躍進する北欧アニメーション デンマーク・アニメーションの力
世界で注目されるデンマーク
オフィスH 伊藤裕美
[筆者の紹介]
伊藤裕美 (いとう ひろみ)
外資系ソフトウェア会社等の広報宣伝コーディネータや、旧エイリアス・ウェーブフロントのアジアパシフィック・フィールド・オペレーションズ地区マーケティングコミュニケーションズ・マネージャを経て1999年独立。海外スタジオ等のビジネスコーディネーション、メディア事情の紹介をおこなう。EU圏のフィルムスクールや独立系スタジオ等と独自の人脈を持ち、ヨーロッパやカナダのショートフィルム/アニメーションの配給・権利管理をおこなう。
自主企画として、短編映画館・下北沢トリウッドでアニメーション特集上映を毎年主催。また、海外ショートアニメーションのコンピレーションDVDのピクチャーブック「プチシアター」シリーズを企画発売。

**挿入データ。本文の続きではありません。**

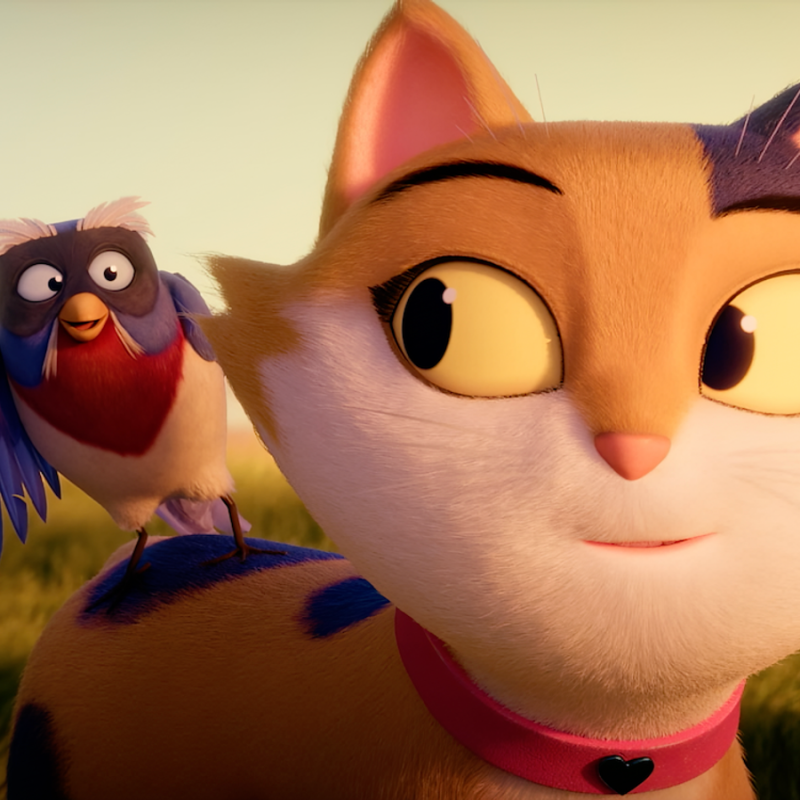 cinekid_moxy cinekid_moxy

2007~08年は、カナダ国立映画制作庁とBravo!FACTが主催する、CJax~日加ショートアニメーション・エクスチェンジ(若手アニメーション作家の国際デビュー支援プロジェクト)の日本事務局を務める。
1999年より毎年、世界最大規模のアヌシー国際アニメーション・フェスティバルに参加し、プチ・セレブ気分でアニメーション三昧の1週間を過ごすのが趣味。

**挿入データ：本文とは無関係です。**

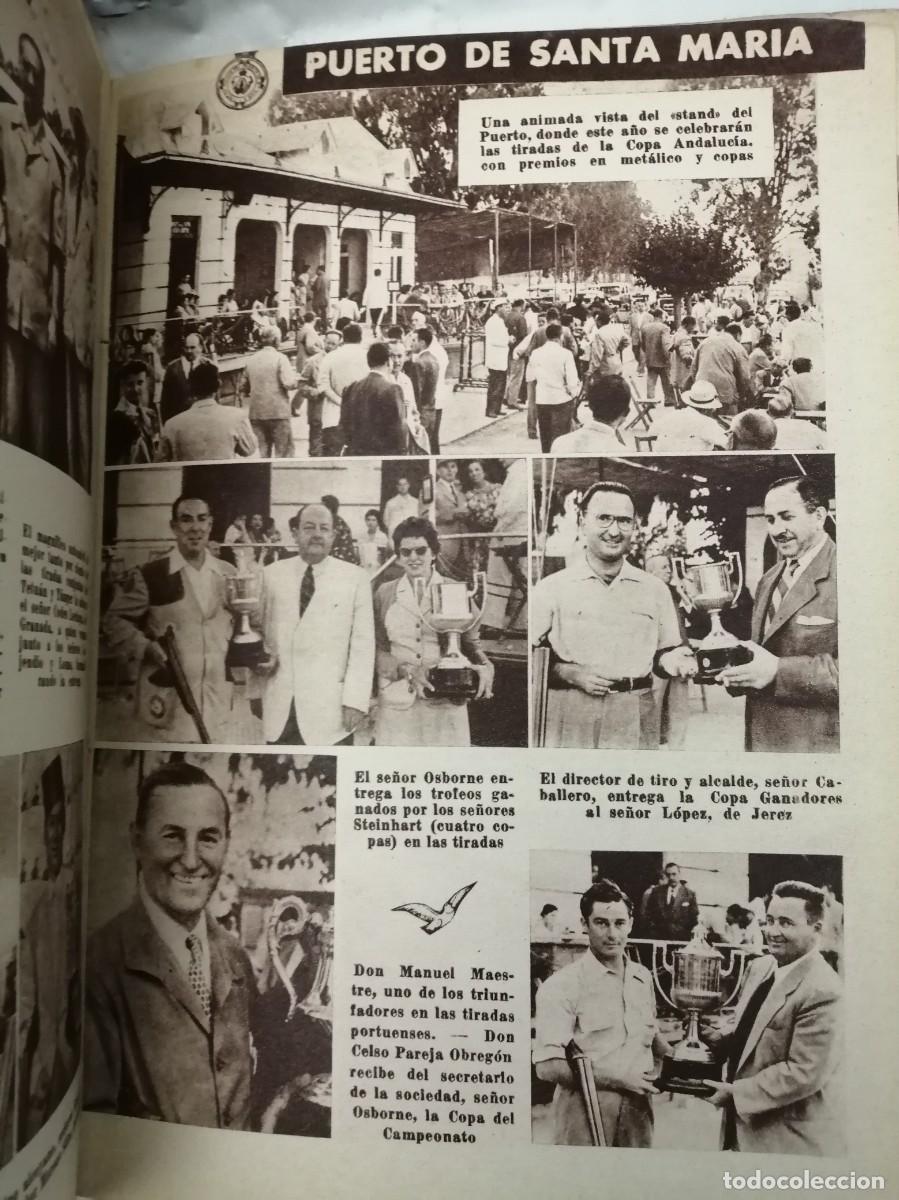 Coleccionismo deportivo: El tiro de pich&oacute;n en 1955 - Foto 4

日本茶専門店「茶処いとう」の経営など、さまざまな活動が同時進行中
現職 オフィスH(あっしゅ)代表。
http://blogs.yahoo.co.jp/hiromi_ito2002jp
デンマーク コペンハーゲン国際空港は、北欧諸国のみならずヨーロッパ各国への空の玄関として、ヨーロッパ有数のハブ空港の一つだ。北欧デザインのモダンな空港ターミナルは、訪れた者に、デンマーク人の文化センスの良さを感じさせる。
モダンデザインや充実した社会制度で、日本で注目を浴びるデンマークは、アニメーションの制作でもめざましい成長を遂げている。今年6月にデンマークの視察から、最新の制作事情や人材育成、そして民間活力をバックアップする公的支援を報告する。
■実は強い、デンマークのアニメーション
デンマークは、アニメ映画の制作本数でヨーロッパ5位にある。ヨーロッパのプロデューサーらが運営する、民間のアニメーション振興組織CARTOON(http://www.cartoon-media.be/index.php)は1999年から長編アニメの国際共同制作のフォーラム「Cartoon Movie」を主催する。
そのCartoon Movieの統計によると、99年~2008年の間にヨーロッパでは長編アニメ99本が完成し、24本が制作中(08年時点)で、その数123本にのぼる。そのうちの17本にデンマークが参加している。また表から、制作が欧州に拡散していることが分かる。
国別制作本数(含む国際共同制作)
[1999年~2008年 長編アニメ]
フランス 41
ドイツ 26
スペイン 25
デンマーク 17
イタリア 9
イギリス 8
ベルギー 7
アイルランド 5
ルクセンブルグ 5
スウェーデン 4
出典:Cartoon Movie
デンマークは人口550万人ながら、A.Film(エーフィルム、http://www.afilm.com/)やCopenhagen Bombay(コペンハーゲン・ボンベイ、http://copenhagenbombay.com/)といった国際競争力あるアニメ制作会社が数社ある。得意とするのは、ティーンエージャーやヤングアダルト向きのコメディ。少人数のチームで、5億円未満の低予算のCGアニメの制作もできる。
デンマークは狭い国土ゆえに昔から国外へ活路を求めてきた。バイキングが良い例だ。アニメ産業が元からあったわけではなく、ディズニーアニメを見て育った世代が立ち上げたのだ。創立者たちは国外でアニメの制作やビジネスを学び、コペンハーゲンに戻り、自らのスタジオを立ち上げた。そして国外にも市場やパートナーを求めた。
■長編アニメ制作のハブとなる、A.Film
1988年にディレクターのヨルゲン・レルダム氏ら4名の若者が創立したA.Filmは、コペンハーゲンの本社だけでなく、ドイツ、エストニアなどにスタジオを持つ。2000年の初長編『Hjælp! jeg er en fisk/Help! I’m a Fish』で国際合作をおこない、04年の『Terkel i knibe/Terkel in Trouble』は興行的に成功した。
今年のアヌシー国際アニメーション・フェスティバルにも、『Rejsen til Saturn/Journey to Saturn』をアウトオブコンペに出品した。今では、フランスやドイツの合作パートナーとなり、北欧の中心的なスタジオだ。まさに、国際共同制作のハブだ。